Since statehood, Alaska has robbed Native villages of the most basic of human rights: safety.
The stories in our series, “Lawless,” a partnership between the Anchorage Daily News and ProPublica’s Local Reporting Network, laid bare Alaska’s failing, two-tiered criminal justice system. It was the first comprehensive investigation to reveal how indigenous people in Alaska are systematically denied first responders.
Daily News journalists flew hundreds of miles, sleeping on the floors of schoolhouse libraries and riding in sleds and on snowmobiles. What we found was stunning:
A village so desperate for law enforcement it hires sex offenders to patrol the streets. A police officer who survived sexual abuse as a child, only to take his own life after revealing dysfunction within a failed state program. Alaska State Troopers deployed to protect communities on the road system instead of areas too small or too remote to employ local police.

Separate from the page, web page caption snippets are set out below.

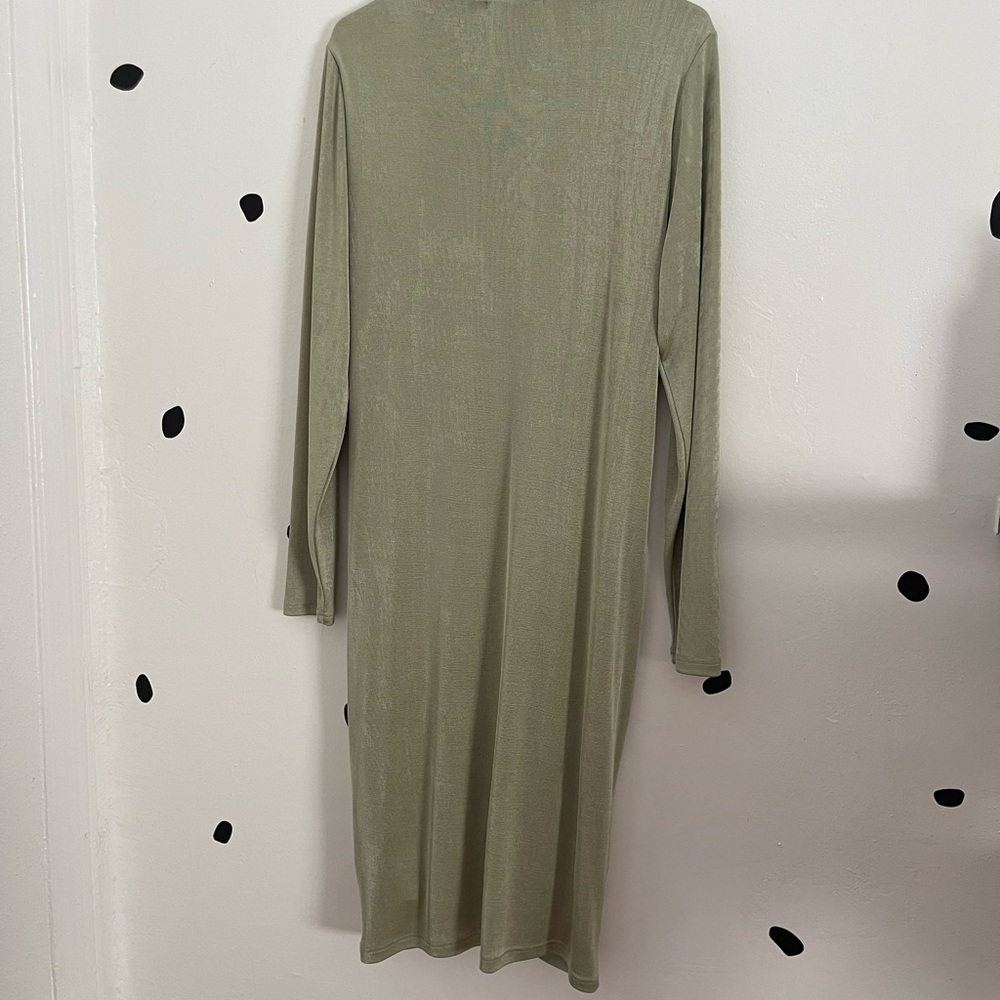 Plus midi dress - Picture 2 of 3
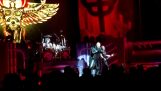 Judas Priest w porównaniu z telefonu komórkowego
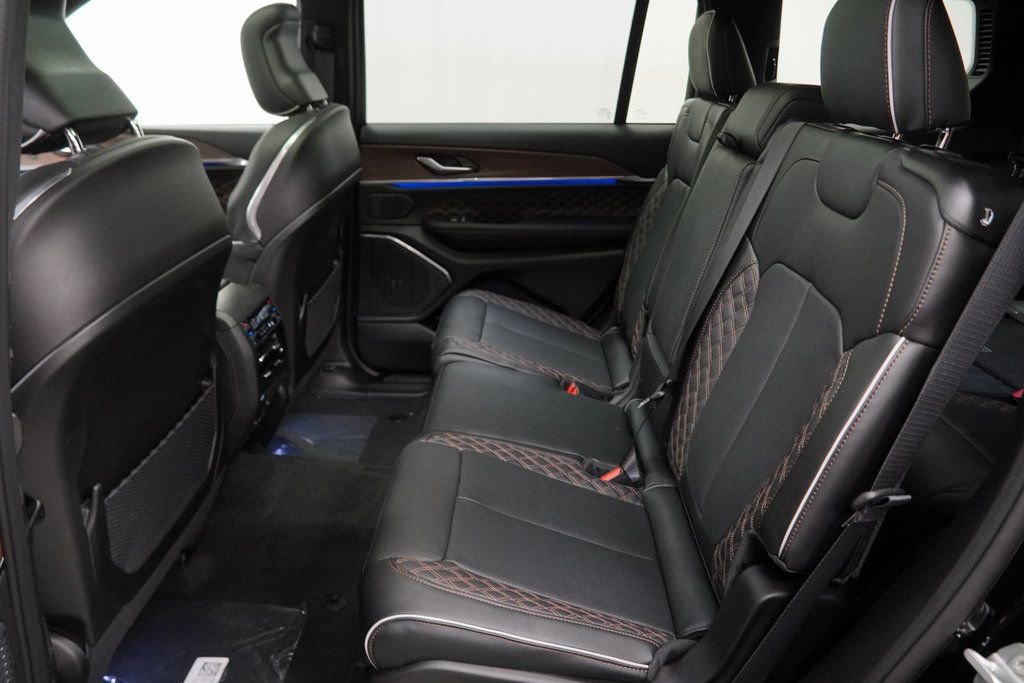 New 2025 Jeep Grand Cherokee L Summit w/ Obsidian Package image 17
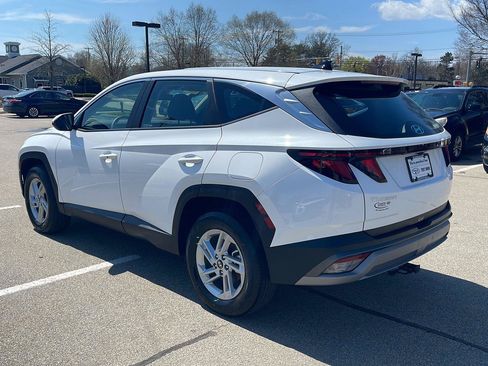Used 2025 Hyundai Tucson SE AWD/4WD image 7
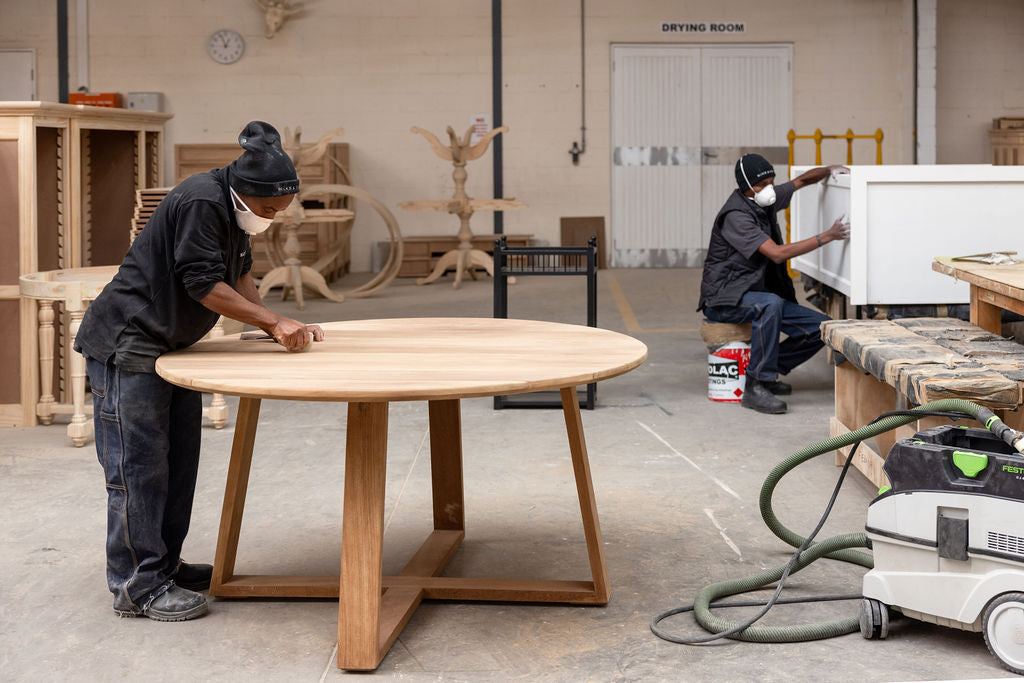 Plett deck round table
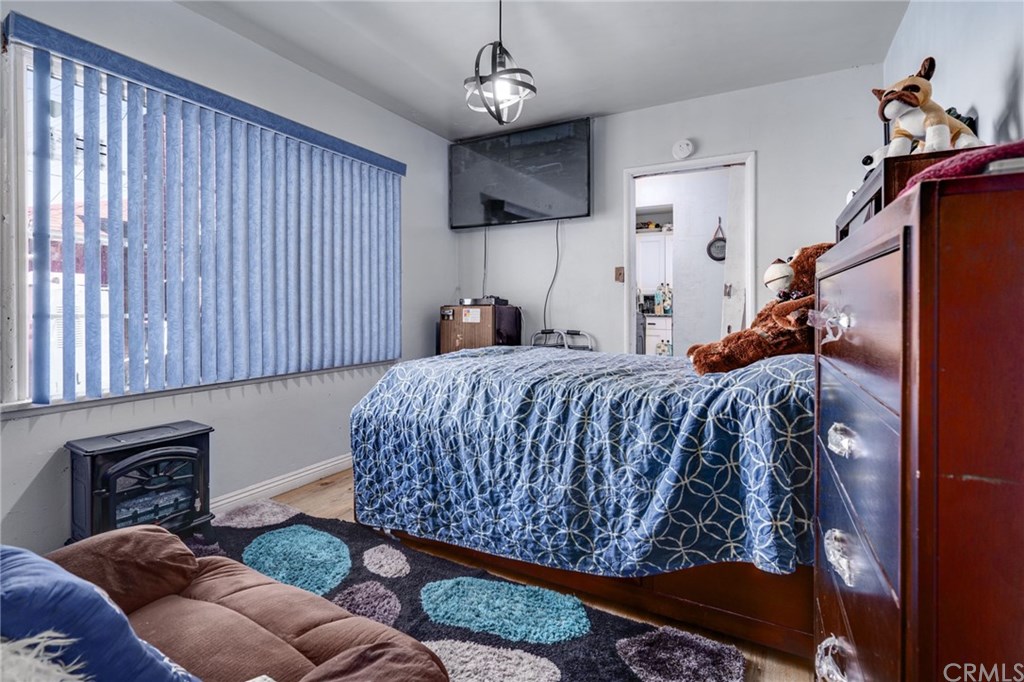 501 West Elm Street Compton, CA 90220 - Photo 17 of 35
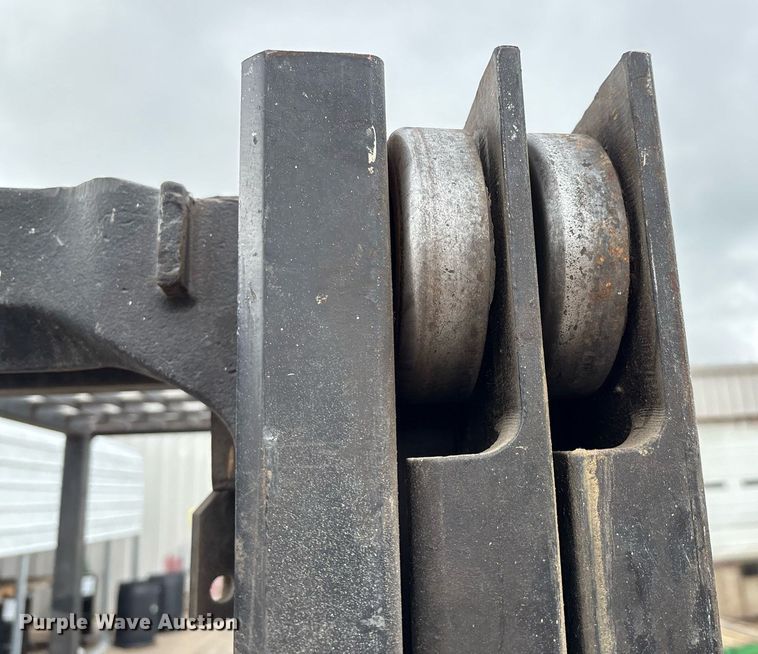 image for item EM2587 Yale GTP050RG forklift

The response was equally remarkable:
At the Alaska Federation of Natives convention in October, the state’s largest annual gathering of tribal leaders, U.S. Attorney General William Barr announced the Justice Department would spend tens of millions to address the inequities.
The U.S. Attorney’s Office in Anchorage has announced the hiring of additional rural prosecutors while Gov. Mike Dunleavy said the state will post 15 additional state troopers in rural Alaska including villages we revealed to be home to a sex offender cop and where the murder of a Alaska Native woman remains unsolved.
The Alaska Police Standards Council has proposed changing state regulations that govern the hiring of Village Police Officers.
This reporting ignited an ongoing conversation in Alaska and a reckoning for sexual predators and the justice system alike. We held a community meeting in Kotzebue, Alaska, where a little girl had been raped and murdered in 2018, providing residents, advocates and law enforcement the first chance to discuss sexual violence.
“You spent your entire life just pretending and hiding and protecting, and it doesn’t have to be that way anymore,” sex abuse survivor Tia Wakolee told the crowd of 70 people. “I don’t want any children to go through the things that I grew up dealing with.”
The event, attended by the head of law enforcement for Alaska and legislators representing the region, ended with local nonprofit and tribal leaders vowing to continue the conversation. Throughout the year we continued to ask Alaskans to share their experiences with the failing criminal justice system and have now spoken to more than 300 people.
Our series ended with six practical solutions to Alaska’s law enforcement crisis, based on interviews with experts, combined with a dozen op-eds from village leaders, the Alaska Congressional delegation and sexual assault survivors who offered additional ideas.